Vanno bene i blocchi del traffico, così come il divieto di fumo in tutti i locali pubblici, ma lasciateci almeno la pizza margherita. Quello che è considerato uno degli alimenti preferiti dagli italiani, infatti, corre il serio rischio di estinzione. Tutta colpa di un decreto che dal prossimo autunno impone delle regole ferree a tutti gli esercizi che dispongono di un forno a legna. Sotto accusa è l'utilizzo del carbone e della carbonella, responsabili della formazione di ossido di azoto, di carbonio e di cloro. Il decreto "incriminato", che risale al 2002, è entrato in vigore lo scorso marzo ed obbliga i pubblici esercizi destinati alla ristorazione a rispettare determinati livelli di emissione di sostanze inquinanti. Livelli che dovranno essere annotati su un apposito "libretto di impianto", come si dovrebbe fare con le caldaie domestiche. Come a dire: passate al forno elettrico che è meglio. I limiti di emissione fissati dal provvedimento variano a seconda della potenza complessiva dell'impianto e vanno da 150 a 100 milligrammi per metro cubo per l'ossido di carbonio; da 300 a 200 per l'ossido di azoto; da 30 a 20 per il carbonio; 30 i milligrammi per metro cubo per i composti inorganici del cloro sotto forma di gas o vapori. Numeri espressi in onore della cronaca ma che non cambiano la sostanza delle cose.
Se da una parte è giusto difendere qualsiasi misura che mira alla salvaguardia della salute, dall'altra non si può nascondere la critica all'eccessiva severità di un decreto che non guarda in faccia i sapori tipici e le tradizioni della nostra penisola.
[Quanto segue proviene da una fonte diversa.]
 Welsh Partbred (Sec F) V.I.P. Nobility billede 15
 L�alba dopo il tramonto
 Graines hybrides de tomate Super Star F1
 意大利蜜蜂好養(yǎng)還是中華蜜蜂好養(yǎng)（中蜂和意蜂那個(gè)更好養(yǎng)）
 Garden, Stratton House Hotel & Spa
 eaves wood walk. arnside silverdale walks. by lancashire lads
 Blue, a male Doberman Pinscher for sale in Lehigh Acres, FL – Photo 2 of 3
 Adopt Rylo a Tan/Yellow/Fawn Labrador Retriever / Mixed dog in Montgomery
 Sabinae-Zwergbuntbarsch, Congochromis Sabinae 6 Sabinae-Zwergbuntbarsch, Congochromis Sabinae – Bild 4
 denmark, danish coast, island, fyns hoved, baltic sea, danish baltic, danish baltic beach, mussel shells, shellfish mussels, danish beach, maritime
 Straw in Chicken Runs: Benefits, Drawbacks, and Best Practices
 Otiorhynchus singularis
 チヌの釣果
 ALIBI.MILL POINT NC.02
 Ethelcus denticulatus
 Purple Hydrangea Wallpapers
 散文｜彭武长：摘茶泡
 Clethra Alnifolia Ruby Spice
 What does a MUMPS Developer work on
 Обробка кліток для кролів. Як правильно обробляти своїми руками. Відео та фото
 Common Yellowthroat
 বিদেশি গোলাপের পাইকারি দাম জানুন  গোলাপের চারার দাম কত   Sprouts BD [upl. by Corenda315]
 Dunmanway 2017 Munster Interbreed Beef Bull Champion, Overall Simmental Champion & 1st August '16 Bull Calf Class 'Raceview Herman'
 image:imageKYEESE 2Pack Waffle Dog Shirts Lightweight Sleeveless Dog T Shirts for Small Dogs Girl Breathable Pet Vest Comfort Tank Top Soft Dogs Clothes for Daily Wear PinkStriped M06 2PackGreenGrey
Ci vogliono far intendere che un'innocente pizza alla pala, cotta rigorosamente tra i mattoni, possa trasformarsi in una piccola bomba ecologica. Bene, dobbiamo essere fieri di tutte queste attenzioni per la nostra salute. I signori che ci governano ci vogliono così bene, da impedirci di gustare una bella grigliata di carne cucinata in un forno alimentato a carbone e carbonella pur di non farci respirare l'aria cattiva.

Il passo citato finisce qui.